In August 2014, the Canadian Bar Association released its Futures report, subtitled, ‘Transforming the Delivery of Legal Services in Canada’. The report acknowledges the financial barriers many Canadians face in accessing the justice system; it suggests the industry investigate ‘alternative business structures’ which permit investment and ownership by non-lawyers, allowing for the kind of financial backing that could permit a greater range of fees for service. “If lawyers were freed to provide legal services outside of the professional consultancy model, it would likely be possible to deliver some legal services profitably at a lower cost,” the report says.

In Montreal, the legal clinic Juripop — founded by Marc-Antoine Cloutier at age 19, when he was still in law school — delivers legal services to lower-income people through low annual fees and hourly rates on a sliding scale, based on the client’s ability to pay. Macfarlane suggests paralegals could be tasked with helping self-represented clients fill out their paperwork properly, which would save a lot of court time.

Even an ambitious program of legal and administrative reform might not save the justice system from painting itself into another Jordan corner in the near future. If we think of the justice system as operating ‘downstream’ from other public services — particularly health care and income supplements such as employment insurance and welfare — it becomes obvious that addressing the justice system in isolation won’t be good enough.

“The availability of decent, affordable housing, of safe injection sites — these are social problems, not justice system problems,” says H. Markham Silver. “But they have a direct impact on how well the justice system works.

“We need to be doing far more to keep the people who can’t stay out of trouble out of the regular court system and in programs that can help them with addictions and mental health issues.

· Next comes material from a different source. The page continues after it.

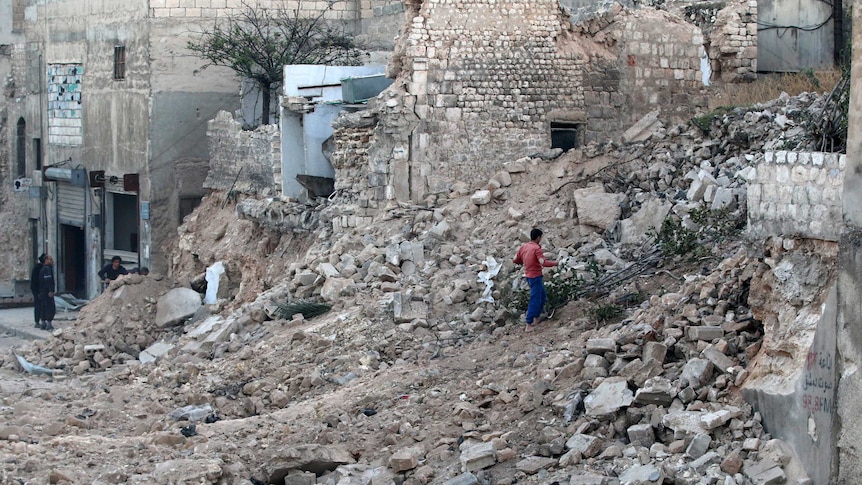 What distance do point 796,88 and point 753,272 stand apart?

“It’s not the justice system that’s broken. The problem with Jordan is that it’s a Band-Aid — and we’re applying it to an amputation.”

 

CBA’s top 10 ways to reduce court delays

Appoint enough judges

Fill outstanding vacancies and permanently increase the number of judges where necessary.

Provide adequate legal aid

Reduce delays created by unrepresented litigants confused by the system.

Prioritize early resolution

Weed out weak cases by adopting the ‘substantial likelihood of conviction’ test used in B.C.

Use technology

Reduce routine court appearances by allowing counsel participation by phone, email or video-conferencing.

Address aboriginal over-representation

Act on the TRC recommendations to unclog the system where aboriginal people are disproportionately involved.

Divert minor charges

Expand diversion programs so matters that can be resolved outside the court are removed from the docket early on.

Resource the system

Curb delays by adequately resourcing our justice system. For example, hire more court staff and add more facilities.

Improve disclosure practices

Work toward the goal of complete disclosure to be made to defence at first appearance – in a consistent and readable format.

Keep preliminary inquiries

Retain preliminary inquiries to solve issues without a trial, or to help focus the arguments and eliminate mistakes at trial.

Repeal mandatory sentencing

Rescind legislation that removes discretion and makes negotiations impossible, leading to more cases going to trial.